**WHAT YOU WILL DO**: Which lines run from the start of the data below to the line containing "Base Level Curvy"? Set them down exactly, with none added.

[Dataset records]
----

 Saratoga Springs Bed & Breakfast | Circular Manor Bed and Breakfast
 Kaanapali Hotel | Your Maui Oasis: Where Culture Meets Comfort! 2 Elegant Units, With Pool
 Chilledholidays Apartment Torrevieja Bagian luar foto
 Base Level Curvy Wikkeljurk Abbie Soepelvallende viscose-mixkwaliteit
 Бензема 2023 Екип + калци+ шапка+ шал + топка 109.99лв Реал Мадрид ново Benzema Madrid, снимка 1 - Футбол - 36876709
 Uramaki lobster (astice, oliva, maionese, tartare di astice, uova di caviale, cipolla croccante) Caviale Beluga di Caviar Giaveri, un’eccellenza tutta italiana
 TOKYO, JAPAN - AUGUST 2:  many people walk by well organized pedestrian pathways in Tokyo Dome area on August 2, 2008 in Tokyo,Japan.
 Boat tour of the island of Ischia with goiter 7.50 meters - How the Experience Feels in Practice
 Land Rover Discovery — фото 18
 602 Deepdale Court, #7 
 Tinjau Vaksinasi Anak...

----

**RESPONSE TO THIS TASK**:
 Saratoga Springs Bed & Breakfast | Circular Manor Bed and Breakfast
 Kaanapali Hotel | Your Maui Oasis: Where Culture Meets Comfort! 2 Elegant Units, With Pool
 Chilledholidays Apartment Torrevieja Bagian luar foto
 Base Level Curvy Wikkeljurk Abbie Soepelvallende viscose-mixkwaliteit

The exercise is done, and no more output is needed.